On a warm evening, when the adults sat on the porch with their tea and politics, I sat at the keyboard and started to finger out the notes on the book in front of me... which happened to be opened to the 1st movement of Beethoven's Pathetique Sonata. In the next 24 hours I had the whole first page down (aside from the run from Ab down to B) and memorized, and I thought piano was easy.

It took me a long time to realize I just couldn't start there. I had the first third of the movement (before the first big repeat) down and memorized when my stepfather played me a recording of Serkin playing it through. I think it took a few more days to dawn on me that I needed to go back a pace. My father gave me a book of Chopin preludes and suggested that I start with #4 and #7. I started with #15 ("raindrop"). Again, I battled through and memorized the whole thing, even playing at a talent show in high school a year later.

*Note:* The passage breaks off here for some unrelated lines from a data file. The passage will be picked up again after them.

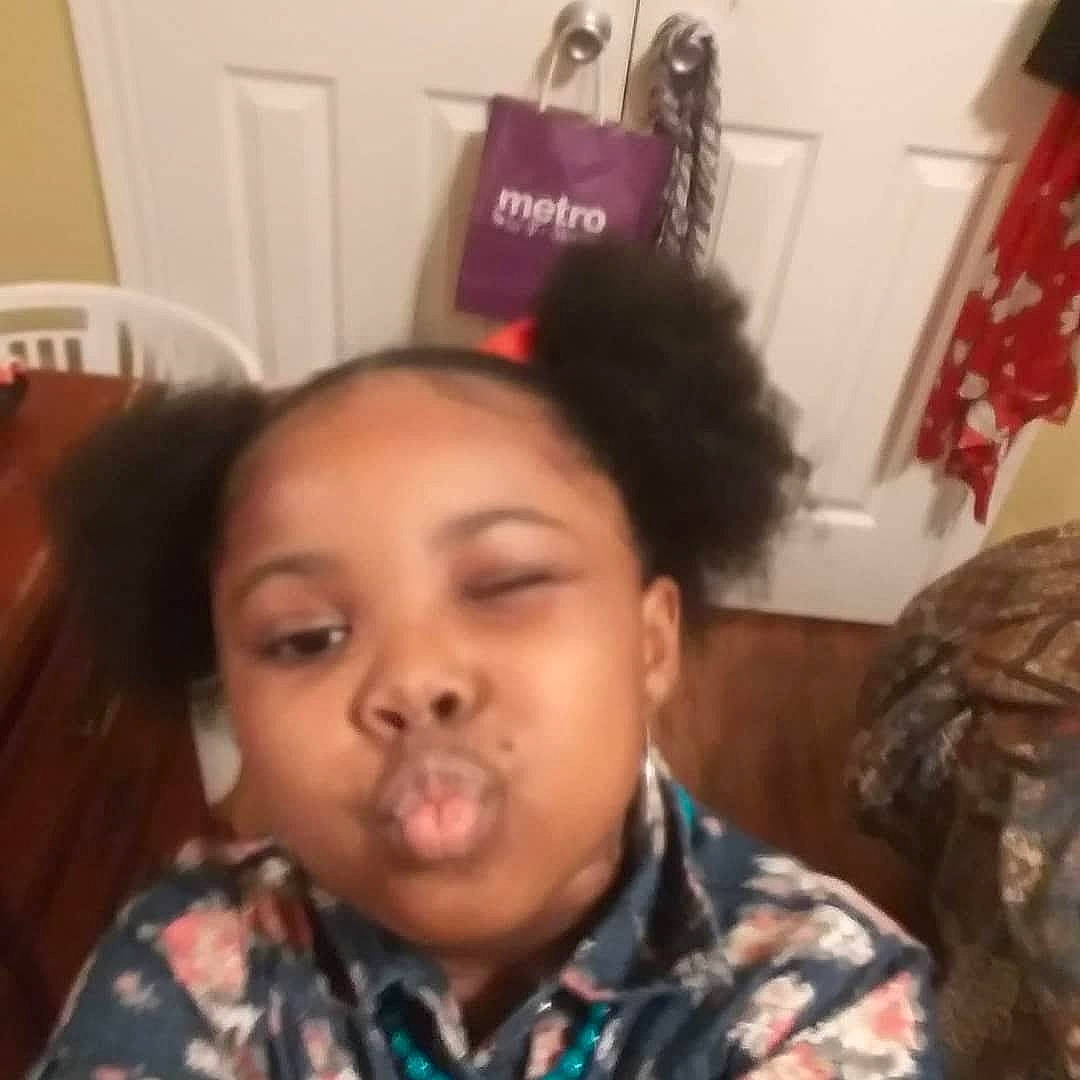 De'Asia is registered to the contest to win money with this photo: black_hair, cheek, child, chin, cool, ear, eyebrow, eyelash, forehead, fun, hair_care, hair_coloring, hairstyle, happy, jaw, long_hair, military_camouflage, nose, person, room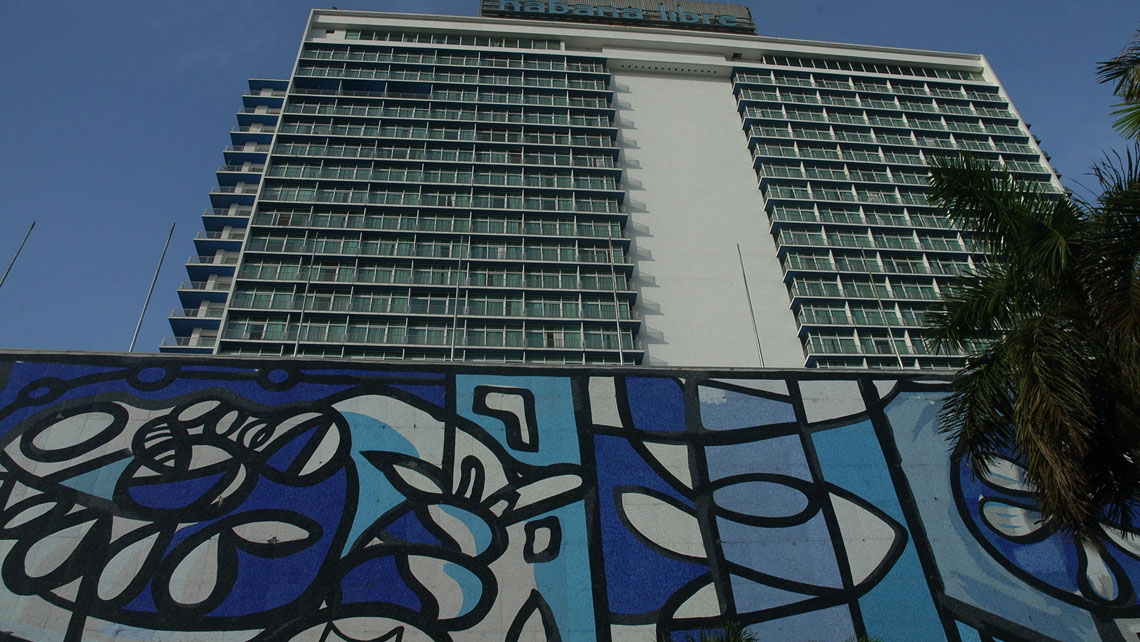 Facade of the Habana Libre hotel featuring an iconic mural by Amelia Pelaez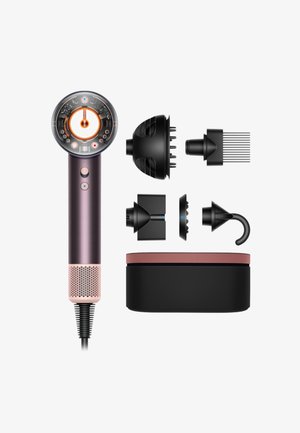 Hairdryer with transparent circular head and five detachable black styling attachments arranged beside a black and pink storage case.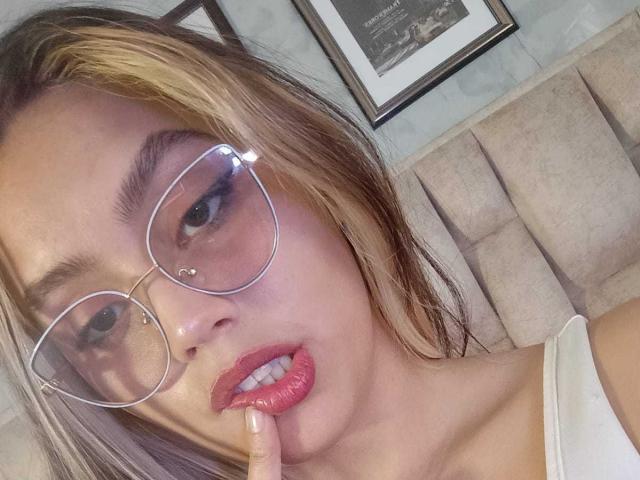 RubyLane with blonde highlights, wearing glasses, has pink lipstick, a nose ring, and is biting her finger, showing off her tits in a white top.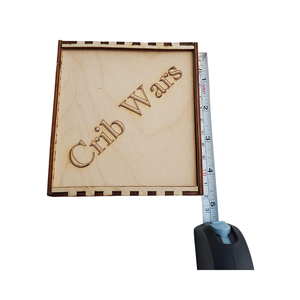 Wooden box with 'Crib Wars' engraving next to a measuring tape on a white background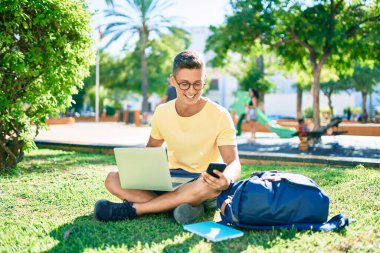 Üniversite kampüsünde çimlerin üzerinde otururken mutlu bir şekilde gülümseyen İspanyol öğrenci.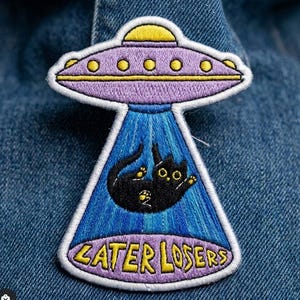 May include: Embroidered patch featuring a purple UFO with yellow accents, beaming up a black cat. The patch has a blue beam and the text "ZATER LOSERS" in yellow.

It went on from there. I learned the 1st mvt of the Moonlight Sonata, the business section of the 1st mvt of Rach's 2nd, the first 3-4 pages of Chopins Heroic Poloaise (Op 53), the first page or so of his Andante Spianato Polonaise, and... then became interested in girls and considered myself an excellent piano player who just never played.

Now I'm 35. My grandmother passed away last year and her little Kawai upright (made in 1968) sits in my living room after a contentious probate. That's all I wanted from her and it was all I got. I started practicing the night I got it, not believing (still arrogant after so many years) I couldn't just sit down and spew out those pieces I once knew. I looked at the music, could still read the notes, but even when I did remember passages and conjure up the muscle memory to go through them, I realized just what a bad teacher I was to myself. Not a shred of musicality. I'm probably glad I have no recordings of playing "back in the day" because I would cringe.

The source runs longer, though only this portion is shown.